SPARQL is a query language currently under design by the Data Access Working Group of the World Wide Web Consortium. It is the first attempt to establish a neutral query language for RDF data, in the hopes of maturing the activities of the "Semantic Web". With a standardized query language, RDF implementations can be changed while maintaining the same client side implementation. As a positive example, SQL was developed as a relational database query language, was accepted by the database community, and serves to ease developer transition between database servers. For more information on SPARQL, see the current W3C working draft or the SPARQL Manual.
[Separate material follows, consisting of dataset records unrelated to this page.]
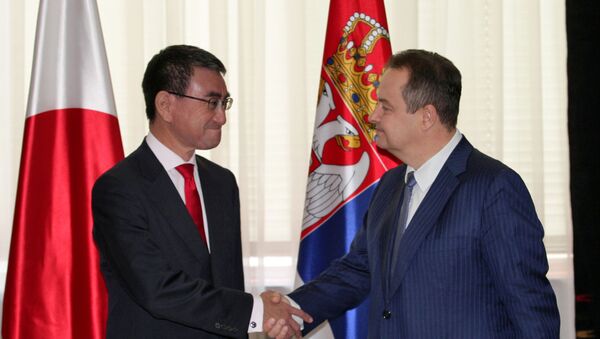 Ministar Spoljnih poslova Japana Taro Kono i Ivica Dačić. - Sputnik Srbija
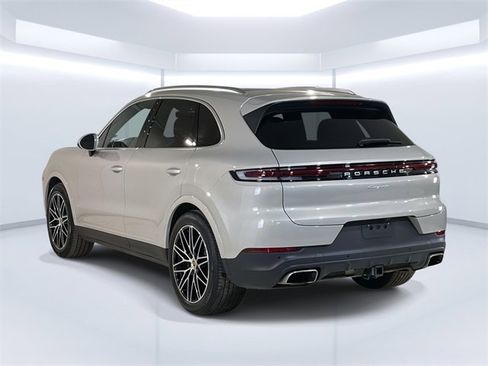 Used 2024 Porsche Cayenne image 3
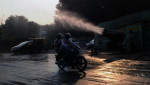 Anti Smog Gun Spray Water To Reduce Smog, New Delhi, DLI, India - 16 Nov 2021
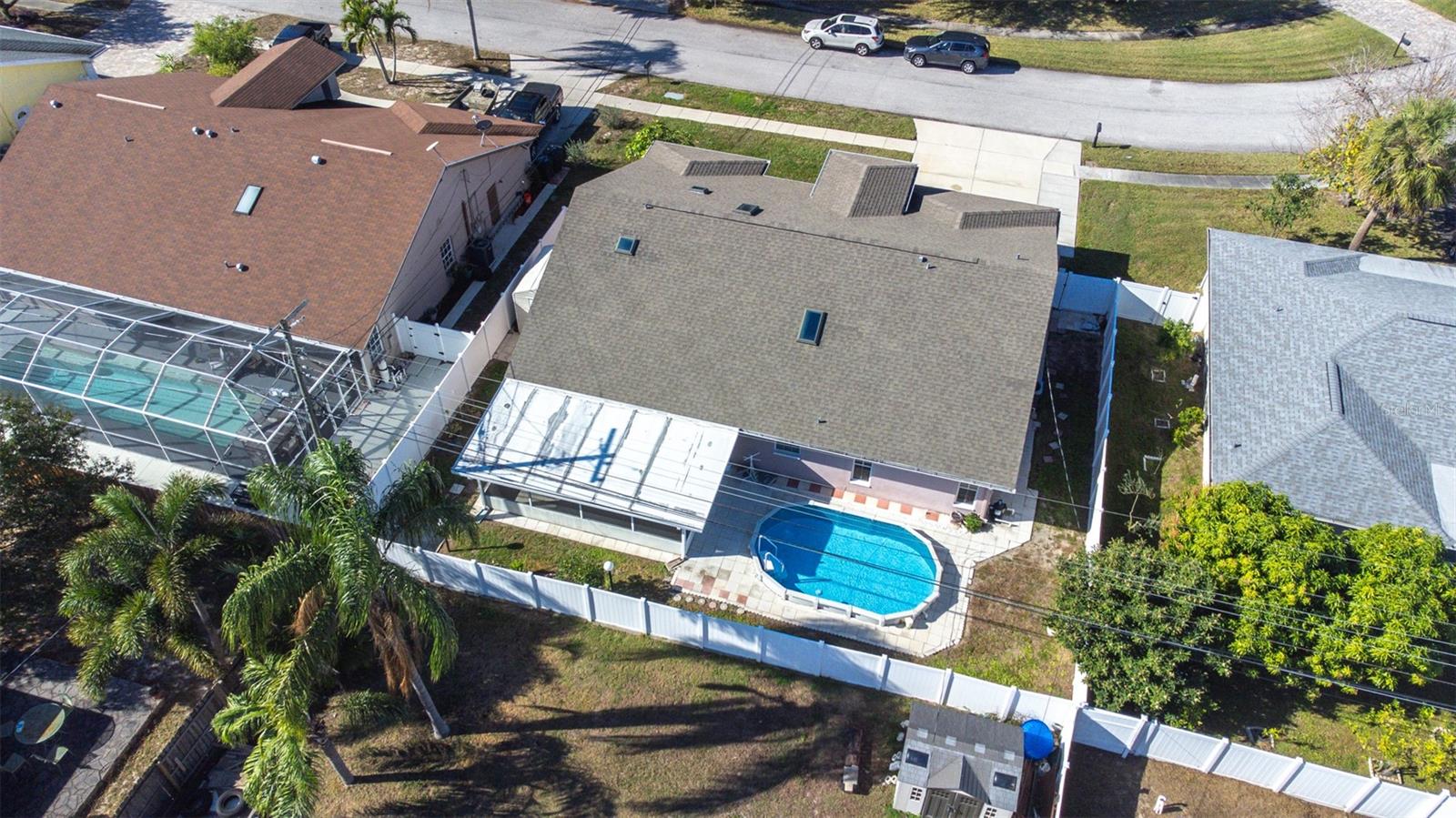 GOLDEN GATEWAY HOMES - Residential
This engine was originally created as an open source project funded by Google's Summer of Code 2005 program. The goal of the project was to create a SPARQL query handling engine for Sesame (an open source RDF server solution), which currently did not have SPARQL handling capabilities. In the process of investigating a solution, it was found that it wouldn't take much more effort to enable the engine to be used by any RDF server that wanted SPARQL handling capabilities. Therefore, a design was developed in attempt to make the language very flexible yet still retain most of the efficiency of a custom build query engine. An engine like this would be a boon for the RDF server field because 1) it would be save time since similar evaluation code wouldn't have to be written for each engine and 2) updates and changes to the specification could be easily propagated to client servers.
The engine and this document is actually intended for two audiences/use cases:
Because the engine was originally meant to be fitted to Sesame, a lot of the terminology and class patterns have been taken from the Sesame 2 codebase. Regardless of which RDF server fits your needs, the design of the newest incarnation of Sesame is very elegant, efficient, and this document may reference ideas that were gleaned from that server. That being said, SPARQL does not depend on the Sesame server, nor is it written to be specific to the server. It's possible that another server that uses a very different way of finding triples in it's RDF persistence might not be able to use the engine because of assumptions made. However, at least Jena and Sesame are quite compatible with the architecture and it's hoped that many others will be as well.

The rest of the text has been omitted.